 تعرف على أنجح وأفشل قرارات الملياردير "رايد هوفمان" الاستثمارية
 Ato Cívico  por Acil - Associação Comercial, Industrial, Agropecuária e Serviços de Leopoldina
---
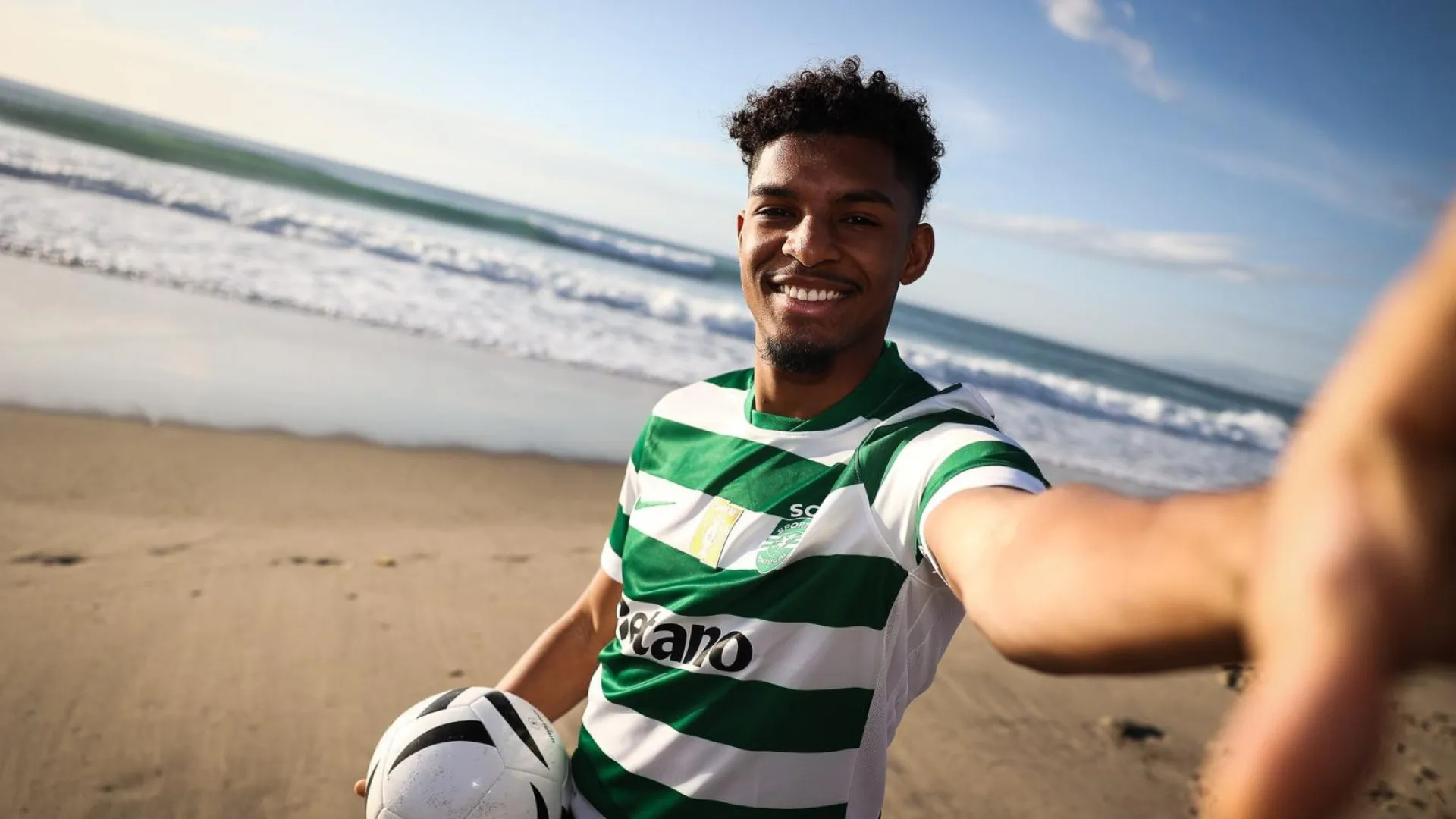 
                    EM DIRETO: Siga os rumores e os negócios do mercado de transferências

**Exercise**
Reproduce only the lines above, starting at the line with "تعرف على أنجح" and ending at the line with "Serviços de Leopoldina", exactly as written.

**Completed exercise**
 تعرف على أنجح وأفشل قرارات الملياردير "رايد هوفمان" الاستثمارية
 Ato Cívico  por Acil - Associação Comercial, Industrial, Agropecuária e Serviços de Leopoldina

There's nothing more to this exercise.